I malumori di maggioranza sono ormai piuttosto evidenti. E qualcuno, a Palazzo Campanella, non lesina paragoni: «Oliverio ha iniziato ad avere problemi con il numero legale dopo due anni e mezzo di legislatura, ora ne è passato solo uno…».
Le deleghe in Giunta
Nulla di preoccupante, in fondo: fibrillazioni di questo tipo sono fisiologiche e Occhiuto continua ad avere il pieno controllo della sua coalizione.
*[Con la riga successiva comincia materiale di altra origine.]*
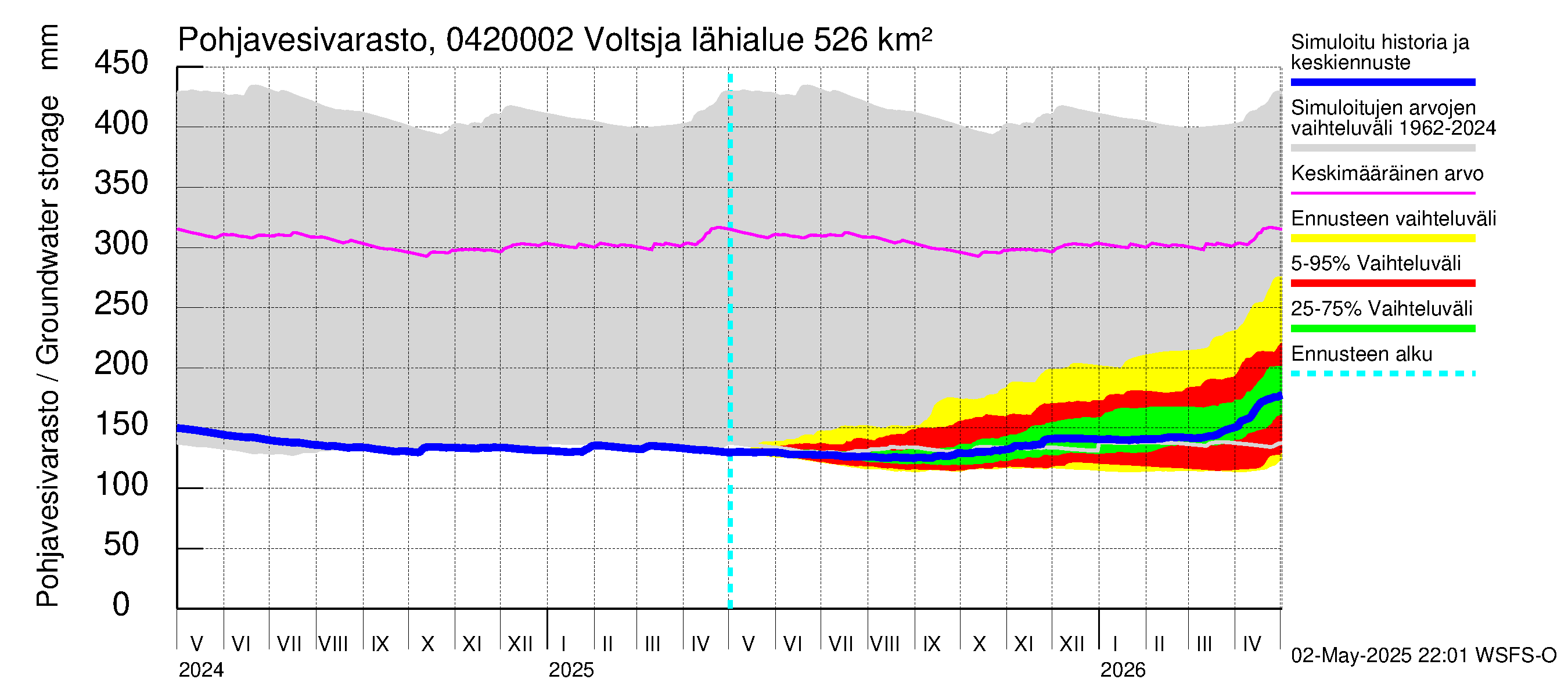 Vuoksen vesistöalue - Voltsja / Saijanjoki: Pohjavesivarasto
Intanto, proprio oggi, nella ripartizione delle deleghe ai suoi assessori, ha mostrato ancora una volta equilibrio, lavorando di cesello per accontentare tutti i partiti della sua Giunta. Calabrese ha avuto la gestione del Lavoro, tolta alla vicepresidente Giusi Princi (in quota Forza Italia), al cui già largo ventaglio di deleghe è stata aggiunta la Programmazione unitaria, prima appannaggio dello stesso Occhiuto. Il presidente ha tenuto per sé anche il Turismo, fino a ieri di competenza dell’uscente Fausto Orsomarso. All’altra new entry, la leghista Emma Staine, sono andati i Trasporti e le Politiche sociali. Tutti contenti. O quasi.